When I was a child, my mother worked. She was a minister, and juggled working from home with working from a church office; we kids juggled playing at home with cooling our heels in the church hall. During the week, she made phone calls while stirring pasta sauce, held meetings in the lounge room, and ran around frantically Getting Things Done. But Sundays were the worst. While other kids fooled around and went out for lunch, we hung around after church while she had just one more, and one more, and one more conversation. If we had the temerity to stand near her or, god forbid, tug her skirt, we'd be resolutely ignored; then later we'd have The Conversation about how this was mummy's work and we had to let her be. All very well, but my sister and I were stuck there too, just waiting, waiting for mummy.
A more gentle sort of waiting is encapsulated in the beautifully understated book, Waiting for Mummy by Tae-Jun Lee and Dong-Sung Kim. In this story, a little boy waits at a tram stop, 'nose flaming red', for the tram which will bring his mother home. As tram after tram goes by with no mummy, the boy exchanges a few words with each driver, leans on a pole, drags a stick along the ground, or just squats. The resolution, when it comes, is wordless and requires the reader to examine closely a picture of a town blanketed in falling snow; this restraint lends the story great strength.
The illustrations are exquisite.
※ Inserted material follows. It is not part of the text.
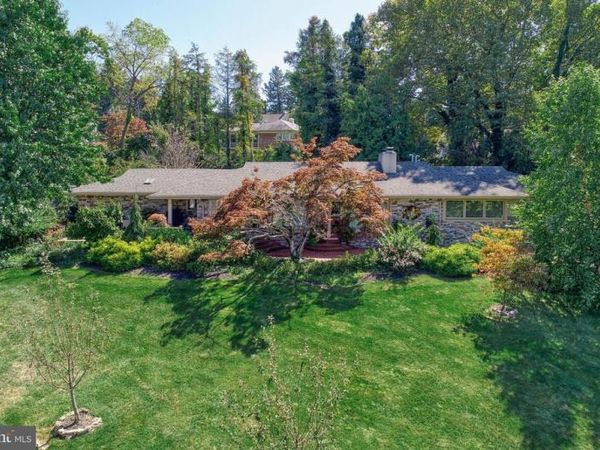 1314 HILLCROFT LANE, YORK, PA 17403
They remind me of the gentler forms of manga, or perhaps the rich imagery in Miyazaki's brilliant film, Spirited Away: trams swoop dreamily out of the sky, the sea, and the trees. Just as I saw the world as a child, here the landscape looms in mysterious form and reality is far richer and more layered than adults comprehend. Trams and adults and steps are enormous, snow falls out of a yellow sky, and a little boy's hands go red with cold. In the background are soft images of a traditional Korean town: many-storied shops, men hauling goods on bicycles, and women with baskets on their heads.
My sister bought the book for us to read, but as I, like my mother, juggle other commitments along with child-rearing, my children find no small resonance with the story. After all, they too wait for mummy, and no doubt will do so until they are mummies themselves.
Waiting for Mummy is a pearl, but especially for the child whose mother works out of the home. It gives dignity and beauty to the experience of waiting – and reminds the parent just how patient our children can be.
> Tae-Jun Lee and Dong-Sung Kim Waiting for Mummy (Elwood, Vic: Wilkins Farago, 2006).